Hells Canyon is a jewel of the Snake River protected in 1975 when the Hells Canyon National Recreation Area was established to stop the construction of new, destructive dams that would have flooded the canyon. At the same time, the river was designated as a Wild and Scenic River, with 32.3 miles from the dam, downstream, classified as a wild river. Another 34 miles below that is classified as scenic. This historic conservation victory was realized shortly after construction of the Hells Canyon Dam complex upstream of the put-in that was completed between 1959 and 1967 and blocks upstream migration for salmon and steelhead and other species.
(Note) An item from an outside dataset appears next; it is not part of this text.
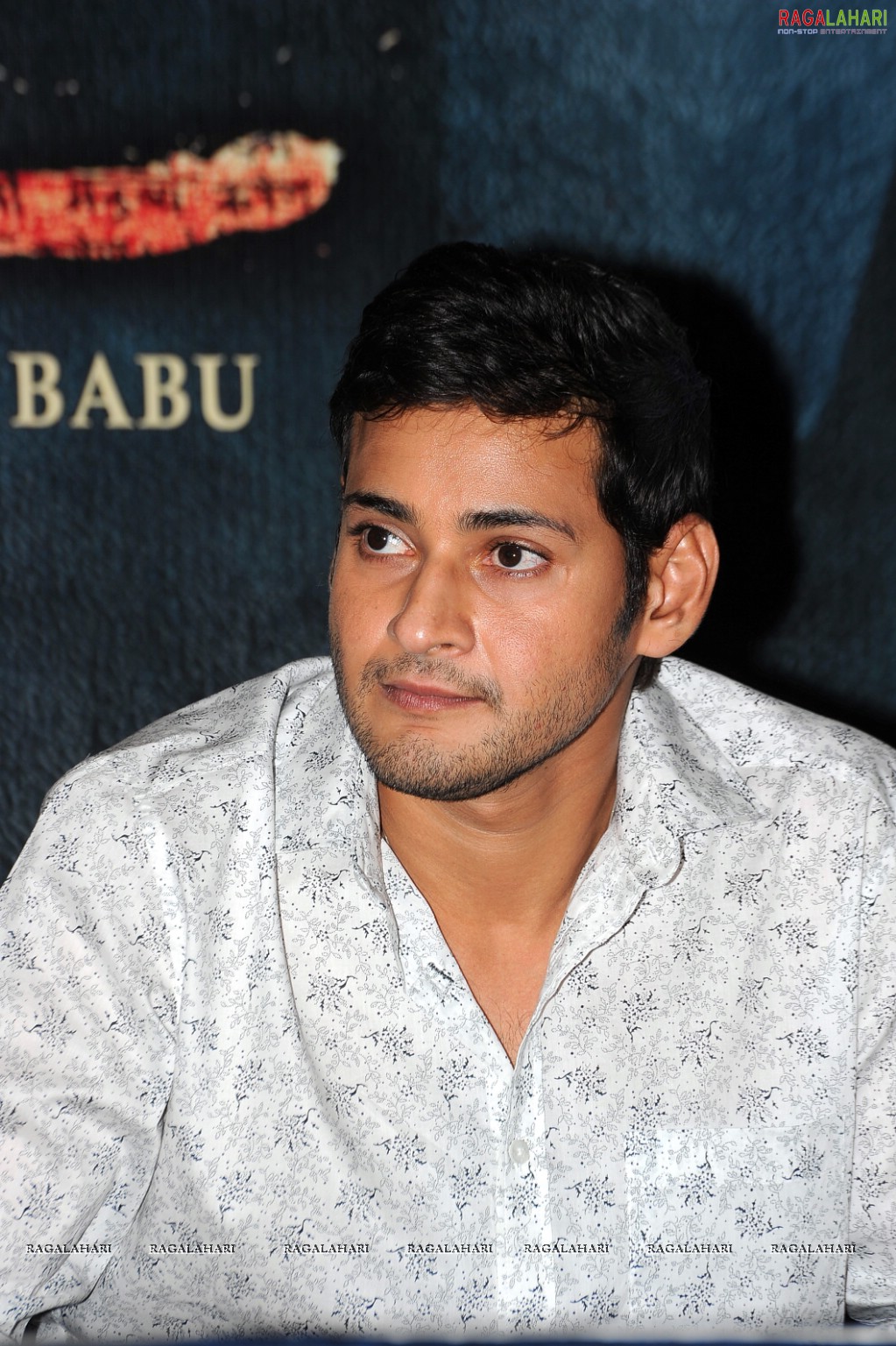 Mahesh Babu at Khaleja Movie Success Meet, HD Gallery, Images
In addition to burying great whitewater beneath the stagnant waters of the reservoirs, these dams eliminated great fall chinnook runs upstream to Shoshone Falls, and into tributary streams like the Boise, Payette, Malheur and Owyhee. The impacts of the upstream dams on the river are evident by the lack of beaches and heavily armored banks characteristic of a sediment-starved river.
Hells Canyon is the nation's deepest river canyon averaging 5,500 feet below the rim for some 75 miles, and reaching depths of more than 8,000 feet below the Seven Devils Mountains on the Idaho side of the river. The result is a very scenic 3-4 day trip with a number of class II-III rapids and two class IVs. The Wild and Scenic Snake River Boater's Guide is available from the US Forest Service, giving detailed information on campsites, rapids, and regulations. A lottery permit season runs from late May to early-mid September. Before and after the lottery season, only a self issue permit is required and can be obtained for free at the launch site.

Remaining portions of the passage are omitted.